As Adam Peters detailed in his essay kicking off PFF's telecom reform project, the emergence of digital communications has begun to present various challenges -- shown in stark relief in the Internet voice context. Several of these challenges ask policymakers to decide whether and how regulators in different jurisdictions can cooperate effectively enough to exploit the relative strengths of each jurisdiction and to encourage investment and innovation in these critical technologies.
Just as importantly, however, these challenges involve fundamental questions of regulatory philosophy. The 1996 Telecommunications Act clarified that the chief mechanism for maximizing the benefits of communications to consumers is the deployment of new technologies and services in markets that should be less and less regulated. But the Act hardly endorses the flash cut to laissez-faire that many companies would prefer. This has led to a "fearful" debate among policymakers. Some fear that uncoordinated action among regulators in multiple jurisdictions will generate burdensome layers of rules that instead will stifle investment and innovation, particularly with respect the deployment or upgrade of digital networks. Others fear that an excess of free-market thinking will result in real harm to competition and to consumers, who are not yet weaned from the paternalism that has characterized their traditional relationship to "public utilities."
Some helpful consensus has developed in this debate; participants have expressed, to greater or lesser degrees, a desire to promote investment and innovation in these services by protecting them from unnecessary regulation. Participants diverge, however, over what regulation is "unnecessary." Some argue that any state rules should be limited to imposing "social" obligations (e.g., access to emergency services, universal service, access by persons with disabilities) that fall short of comprehensive regulation of rates, terms and conditions. These obligations often are imposed based on an assumption that the benefits pursued are "public goods" that government must provide in light of "market failure." Others argue that states should be allowed also to impose "economic" obligations governing general terms and conditions of service. Such regulation could manifest as retail price and other controls or as wholesale requirements regarding interconnection, unbundling and the like.

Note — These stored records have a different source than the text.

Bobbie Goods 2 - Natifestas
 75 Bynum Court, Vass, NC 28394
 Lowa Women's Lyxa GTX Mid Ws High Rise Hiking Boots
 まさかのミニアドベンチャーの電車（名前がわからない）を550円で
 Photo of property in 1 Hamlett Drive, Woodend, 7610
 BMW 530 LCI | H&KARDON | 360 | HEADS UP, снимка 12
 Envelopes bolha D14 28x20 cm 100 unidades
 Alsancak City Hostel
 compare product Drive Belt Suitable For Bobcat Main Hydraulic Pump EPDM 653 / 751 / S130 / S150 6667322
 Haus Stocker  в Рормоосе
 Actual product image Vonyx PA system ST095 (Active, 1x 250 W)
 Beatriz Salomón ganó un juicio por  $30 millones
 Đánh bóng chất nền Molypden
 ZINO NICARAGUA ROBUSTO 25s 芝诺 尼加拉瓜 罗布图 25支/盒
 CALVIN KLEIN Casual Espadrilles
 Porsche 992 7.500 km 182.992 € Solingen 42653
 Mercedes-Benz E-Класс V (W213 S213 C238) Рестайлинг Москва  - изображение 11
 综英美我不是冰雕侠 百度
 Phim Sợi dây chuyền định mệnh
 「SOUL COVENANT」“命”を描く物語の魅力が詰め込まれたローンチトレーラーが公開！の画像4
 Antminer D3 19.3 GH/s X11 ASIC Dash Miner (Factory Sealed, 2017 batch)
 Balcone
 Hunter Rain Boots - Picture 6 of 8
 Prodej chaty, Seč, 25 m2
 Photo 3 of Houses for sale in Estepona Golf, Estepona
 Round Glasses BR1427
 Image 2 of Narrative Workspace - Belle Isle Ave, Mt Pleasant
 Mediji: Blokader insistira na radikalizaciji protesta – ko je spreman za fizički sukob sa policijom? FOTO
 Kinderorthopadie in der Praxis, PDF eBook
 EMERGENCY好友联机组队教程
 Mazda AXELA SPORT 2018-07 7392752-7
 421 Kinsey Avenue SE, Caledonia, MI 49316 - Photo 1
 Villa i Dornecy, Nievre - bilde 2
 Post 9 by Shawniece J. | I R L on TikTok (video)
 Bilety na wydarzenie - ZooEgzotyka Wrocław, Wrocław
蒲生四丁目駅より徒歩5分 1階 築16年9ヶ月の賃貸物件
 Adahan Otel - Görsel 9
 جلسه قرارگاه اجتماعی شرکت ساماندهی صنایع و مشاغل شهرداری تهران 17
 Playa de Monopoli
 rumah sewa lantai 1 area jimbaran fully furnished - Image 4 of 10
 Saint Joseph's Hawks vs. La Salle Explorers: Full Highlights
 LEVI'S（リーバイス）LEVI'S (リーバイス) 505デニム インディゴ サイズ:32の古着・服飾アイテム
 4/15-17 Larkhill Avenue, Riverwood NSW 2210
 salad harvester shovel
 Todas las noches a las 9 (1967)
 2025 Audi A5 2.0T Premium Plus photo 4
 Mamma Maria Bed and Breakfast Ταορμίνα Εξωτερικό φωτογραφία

In the context of federal-state relations, this debate over regulatory philosophy boils down to a central question: should states be limited to administering social obligations, or should they also be allowed to engage in economic regulation? The California consumer bill of rights reflects the fact that this question has not yet been answered satisfactorily.
The bulk of the "rights" in the California measure, of course, easily fall into the category of social regulation. Among others, the bill includes provisions relating to consumer fraud, disclosure of "911" availability and information regarding the terms and specifications of service, as well as various aspects of privacy and personal security protection.
Several other provisions of the bill, however, contemplate state economic regulation, such as rights to access Internet content and to purchase broadband services without purchasing local phone service from the same company. There are no mandates attached to these provisions at present, and the bill of rights does not itself expand state jurisdiction regarding interstate services such as broadband Internet access. But these omissions may just beg (for now) the question of what the state would do if these "rights" are violated. And certainly, states adopting similar measures may not include such omissions at all.
There can be disagreement regarding whether state measures such as the California bill of rights are good or bad. But there can be no disagreement that the next round of telecom reform must establish clearer roles for states in regulating communications. And figuring that out must go beyond asking "what states are good for" to address core questions of what kinds of rules -- social or economic -- should apply to emerging technologies, no matter which jurisdiction administers them.